Ce 1er janvier, le président Lula a prêté serment. Retour sur le parcours atypique de l’ancien syndicaliste qui a battu le candidat d'extrême droite, le président sortant Jair Bolsonaro, pour être ré-élu.

Mardi 16 mars 2021

Lula, ouvrier et leader syndical avant d'être président du Brésil, s'adressant aux travailleurs en grève en 1979

Lula, ouvrier et leader syndical avant d'être président du Brésil, s'adressant aux travailleurs en grève en 1979.

(Photo Wikimedia Commons)

Article écrit par Livia Lumia et publié dans le magazine Solidaire.

Luiz Inacio da Silva est né le 6 octobre 1945 à Caetés, un petit village du nord-est du Brésil. Le climat y est aride, la pauvreté criante. Surnommé « Lula » (« calamar » en portugais), il est l’avant-dernier enfant de sa fratrie. Son père, Aristides, travaille comme docker au port de Santos (au centre du pays), à plus de 2 500 km du foyer. Sa mère, Eurídice, élève seule ses huit enfant. Dans ses discours, Lula citera volontiers sa mère, analphabète, avec beaucoup de fierté. « La seule chose qu’un homme ne peut pas perdre, c’est le droit de marcher la tête haute », disait-elle.
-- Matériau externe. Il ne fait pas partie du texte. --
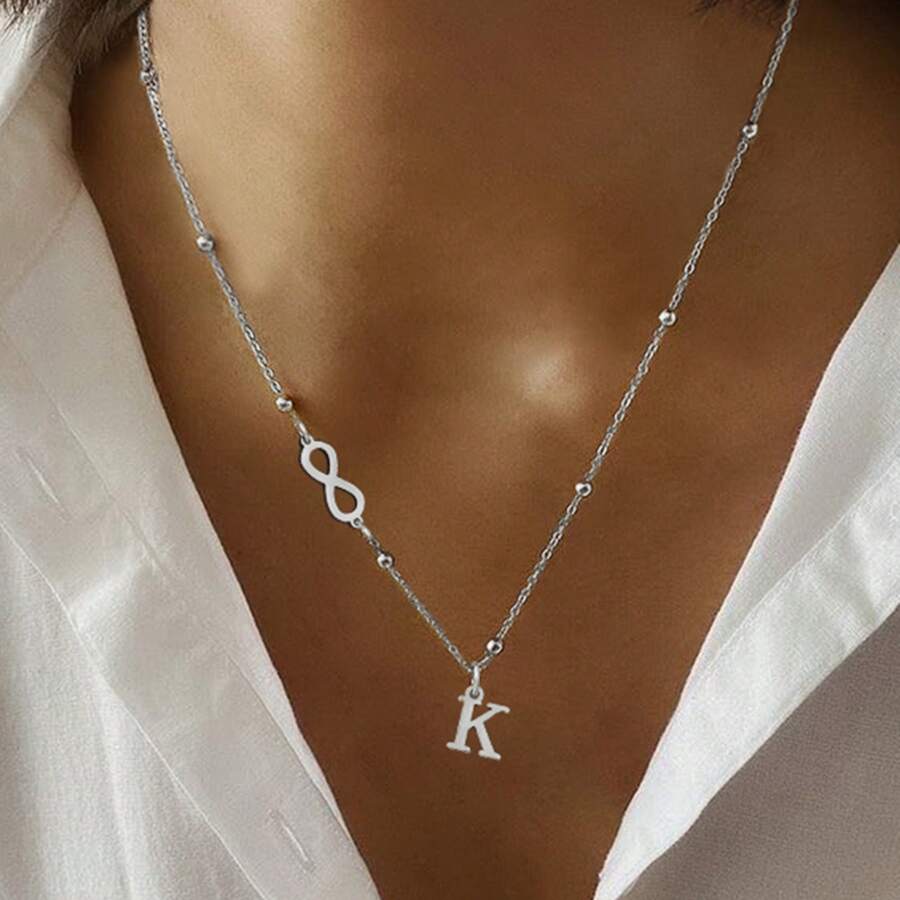 1 pièce Simple Collier avec pendentif en forme de symbole infini et initiale en acier inoxydable couleur argent pour femmes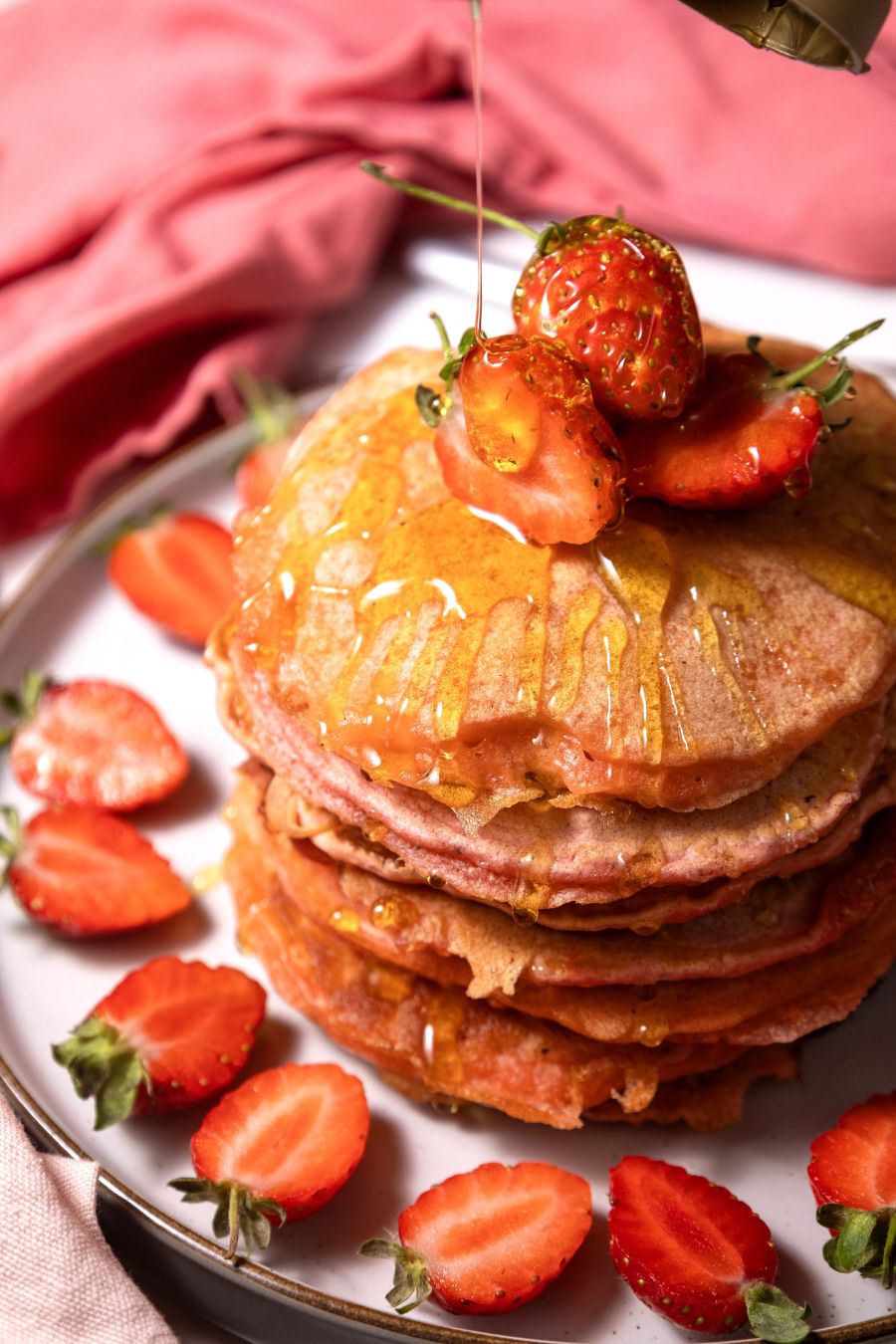 A stack of pancakes topped with sliced strawberries, surrounded by more strawberries on a plate.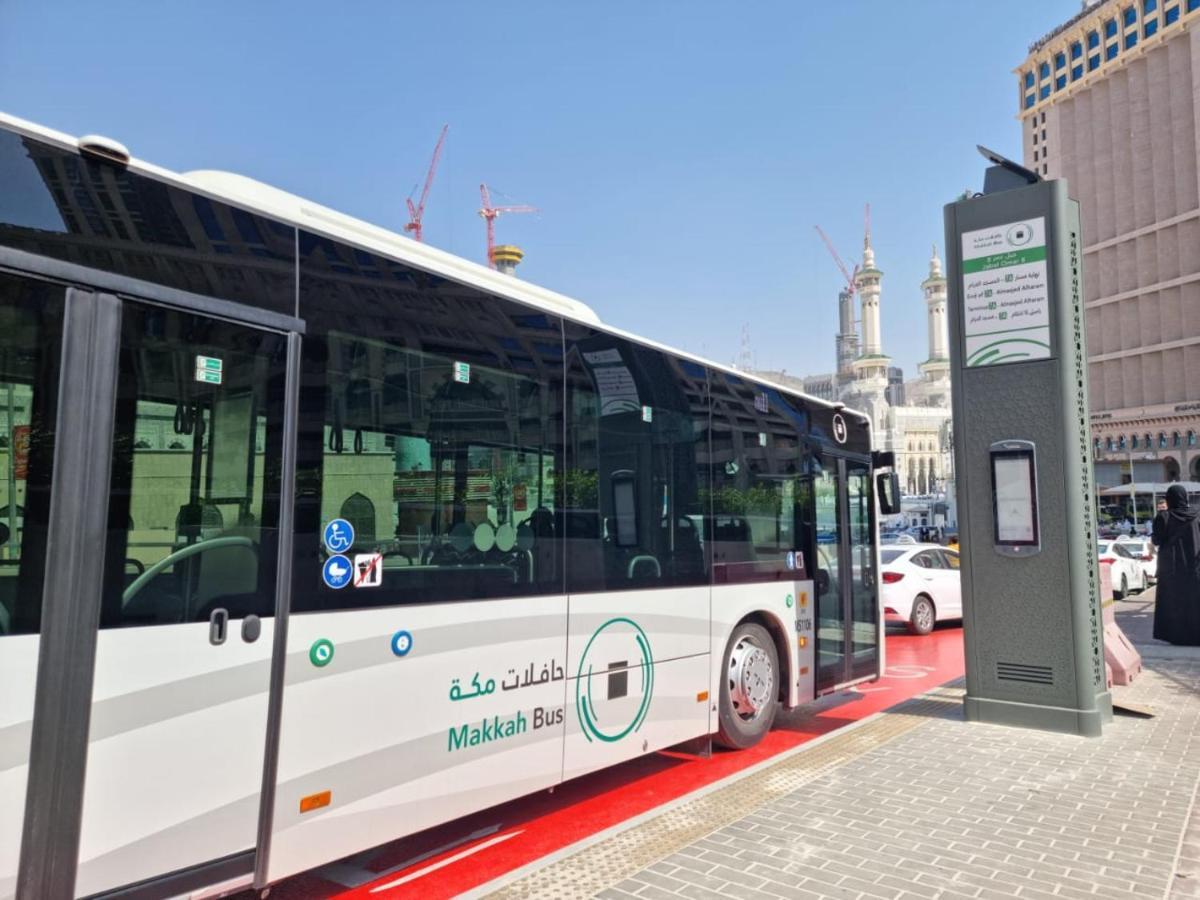 Hotel Jabal Omar Hyatt Regency Makkah Mekka Zewnętrze zdjęcie The photo shows a public bus labeled "Makkah Bus," parked at a designated bus stop. The bus has a modern design and is predominantly white, with green accents. In the background, there are tall buildings and construction cranes, indicating a busy urb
À 10 ans, Lula quitte l’école pour contribuer au maigre revenu familial en cirant des chaussures, ou en vendant des oranges et du tapioca dans le port de Santos. En 1956, la famille s’installe dans l’arrière-salle d’un bar de São Paulo, la capitale du Brésil. À 12 ans, Lula occupe son premier emploi salarié dans une teinturerie. Deux ans plus tard, il devient tourneur dans une usine automobile de São Bernardo do Campo, puis ouvrier métallurgiste.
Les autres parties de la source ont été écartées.